Hebrews 6:20 continues with this description: “where Jesus has gone as a forerunner on our behalf.” The where is heaven – the very presence of God. To be a forerunner means to go before. That is, Jesus has blazed the trail; He has gone before so that where Jesus is, we’re going to be. This is our hope: God is going to bring us into his very presence through Jesus.
We can say it like this: Jesus has gone into the inner place behind the curtain as a forerunner and priest on our behalf. And this action leads on to the next keyword:
Priest: The God Who Gives Hope
Not only is Jesus a forerunner, but He is also our high priest: having become a high priest forever. That is, like the high priests in ancient Israel, but better, Jesus has accomplished atonement for us.
A priest is an intermediary, someone who represents people to God. As our priest, Jesus has opened AND guaranteed access to God through his blood. That is, Jesus has opened the door and has guaranteed the access.

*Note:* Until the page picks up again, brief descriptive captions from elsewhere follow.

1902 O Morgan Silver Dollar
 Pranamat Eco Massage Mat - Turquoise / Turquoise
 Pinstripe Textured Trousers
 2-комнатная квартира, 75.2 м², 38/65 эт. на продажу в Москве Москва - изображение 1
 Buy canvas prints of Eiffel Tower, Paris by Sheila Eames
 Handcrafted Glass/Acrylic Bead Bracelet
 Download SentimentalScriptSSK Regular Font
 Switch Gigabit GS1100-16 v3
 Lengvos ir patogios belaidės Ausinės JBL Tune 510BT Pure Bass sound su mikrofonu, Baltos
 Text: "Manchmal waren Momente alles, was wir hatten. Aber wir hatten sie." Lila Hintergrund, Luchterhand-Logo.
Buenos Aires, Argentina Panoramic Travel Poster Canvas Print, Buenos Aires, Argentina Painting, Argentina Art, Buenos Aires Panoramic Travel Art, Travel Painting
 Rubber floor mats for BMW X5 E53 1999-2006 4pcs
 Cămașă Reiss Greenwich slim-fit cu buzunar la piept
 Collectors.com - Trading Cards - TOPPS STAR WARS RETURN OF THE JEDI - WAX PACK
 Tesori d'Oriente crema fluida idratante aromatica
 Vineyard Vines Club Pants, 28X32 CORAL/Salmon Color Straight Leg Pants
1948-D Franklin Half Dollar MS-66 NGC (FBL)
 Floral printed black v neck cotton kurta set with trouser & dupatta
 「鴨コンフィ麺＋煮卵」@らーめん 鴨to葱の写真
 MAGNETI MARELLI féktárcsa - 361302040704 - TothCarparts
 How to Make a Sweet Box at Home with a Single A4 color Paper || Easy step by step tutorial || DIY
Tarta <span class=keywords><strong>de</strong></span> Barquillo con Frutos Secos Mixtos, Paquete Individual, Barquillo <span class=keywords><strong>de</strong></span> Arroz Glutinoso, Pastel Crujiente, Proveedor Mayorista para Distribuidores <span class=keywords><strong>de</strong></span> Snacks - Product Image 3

Imagine that a friend invites you to a really exclusive club; the cover charge to get in is £100,000, and everyone there is wearing uber-expensive designer clothes. You think, “No way! I’ll never get in!” And your friend says, “I’ve got you covered." You go along, and you discover that not only has your friend paid the cover charge for you, but your friend has also given you a new set of clothes.
This is what Jesus has done for us: He paid the cover charge for our access to heaven through the blood He shed on the cross, and He clothes us with the gift of His righteousness. In other words, through Jesus, we have access to the very presence of God. It’s covered.
Confident Hope in God
God wants us to live in confident hope, the hope that He will keep his word, the hope that He will save us to the uttermost and eventually bring us home to be with Him forever in his presence. I’ve tried to make this as clear as possible, but in case you missed the point, here are the two key takeaways:
* We have hope because GOD KEEPS HIS PROMISES.
* We have hope because JESUS GUARANTEES ACCESS TO GOD’S PRESENCE.
This is good news: live in your confident hope in Christ this week!